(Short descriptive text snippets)
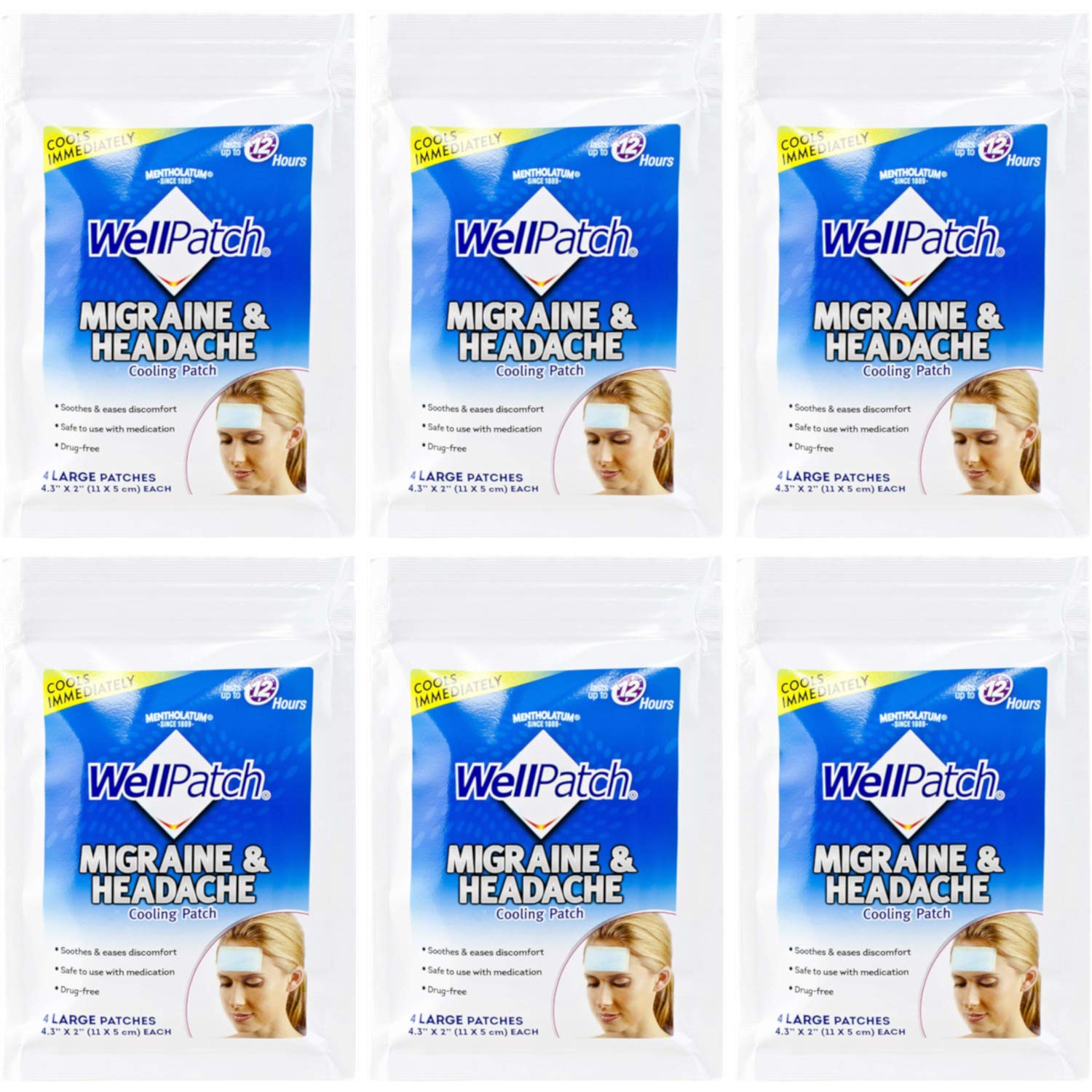 WellPatch Cooling Headache Pads, Migraine, 4 Large Patches- 4.3 x 2 Inch (Pack of 6)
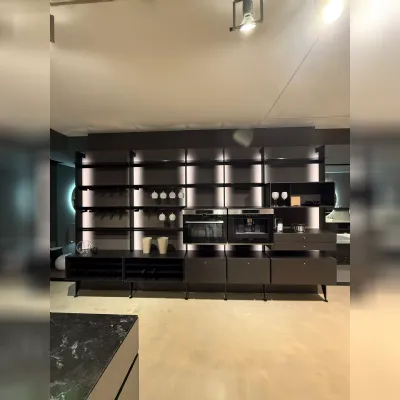 Cucina Cesar moderna lineare antracite in laccata opaco Cucina lineare cesar the 50's 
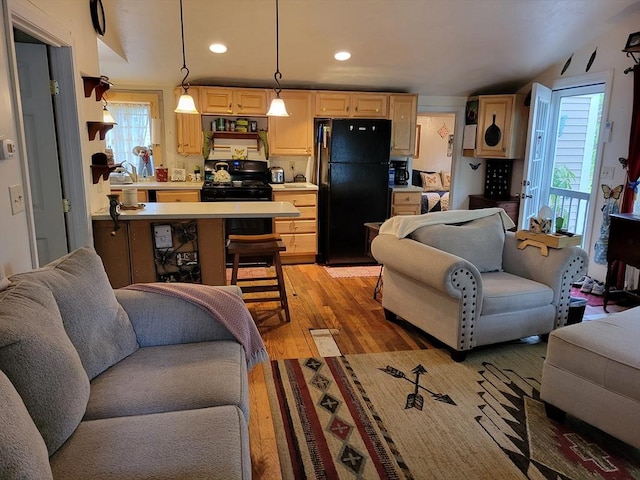 8 Laurel, Lakeville, MA 02347 - living room featuring light wood-type flooring and recessed lighting
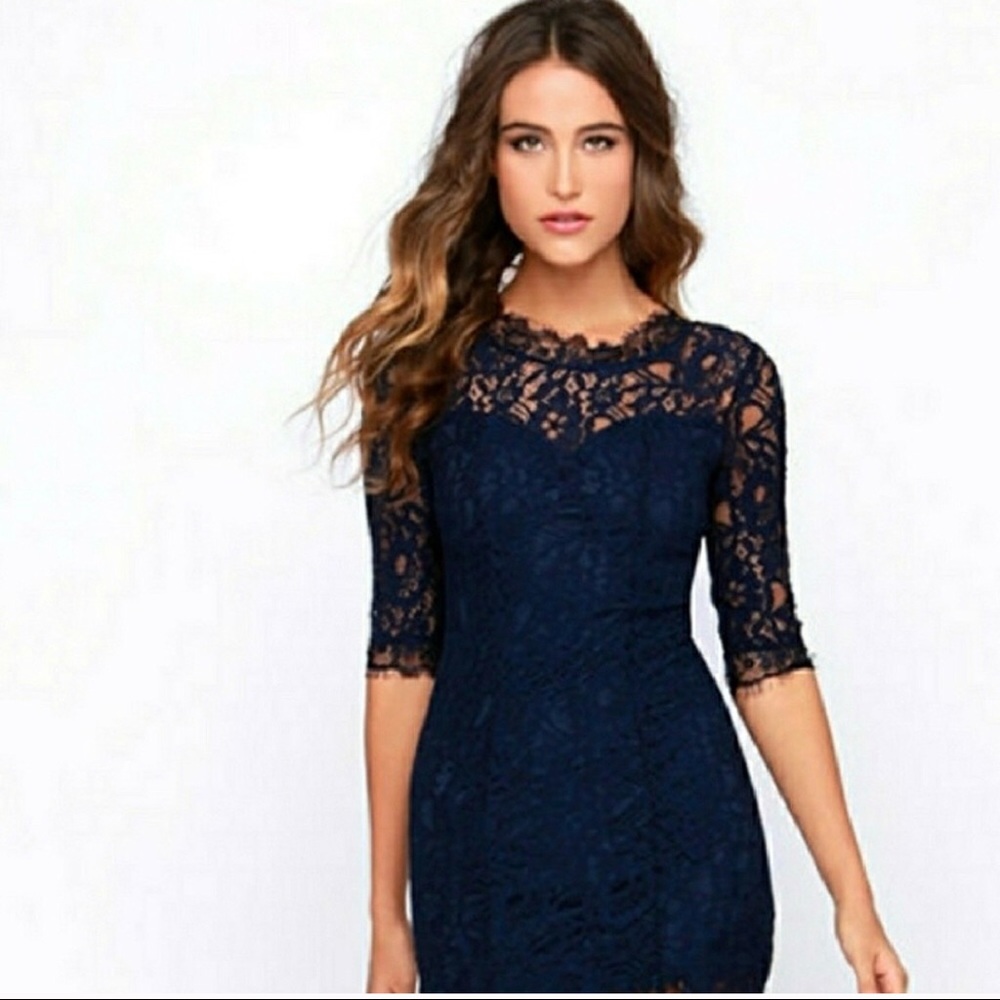 Navy blue lace Lulus dress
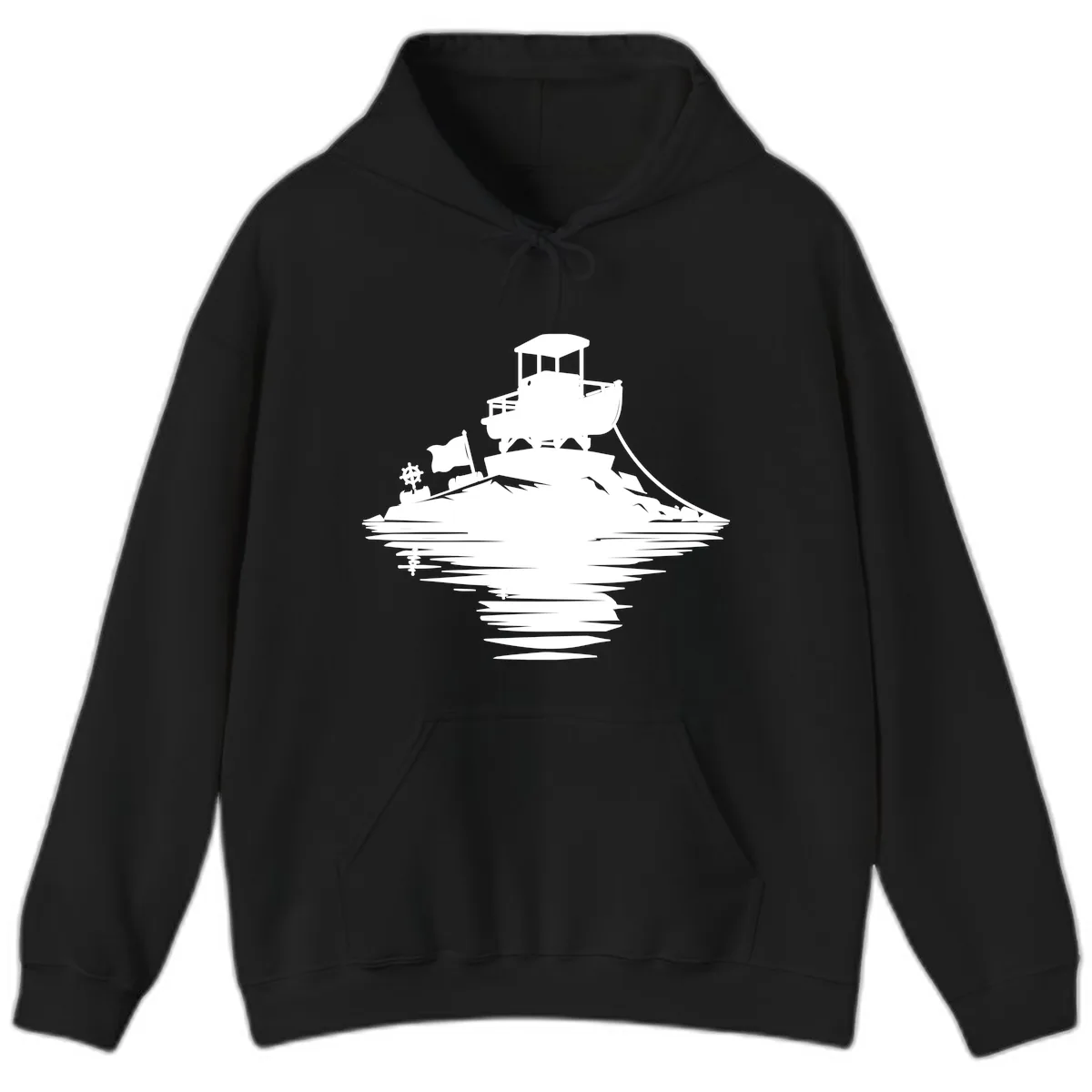 Pontoon Island Lighthouse Hoodie in Black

▶ [DIRECTIONS]
A word-for-word restatement of all the lines above is needed, with the pictures omitted.

▶ [RESPONSE TO THIS TASK]
 WellPatch Cooling Headache Pads, Migraine, 4 Large Patches- 4.3 x 2 Inch (Pack of 6)
 Cucina Cesar moderna lineare antracite in laccata opaco Cucina lineare cesar the 50's 
 8 Laurel, Lakeville, MA 02347 - living room featuring light wood-type flooring and recessed lighting
 Navy blue lace Lulus dress
 Pontoon Island Lighthouse Hoodie in Black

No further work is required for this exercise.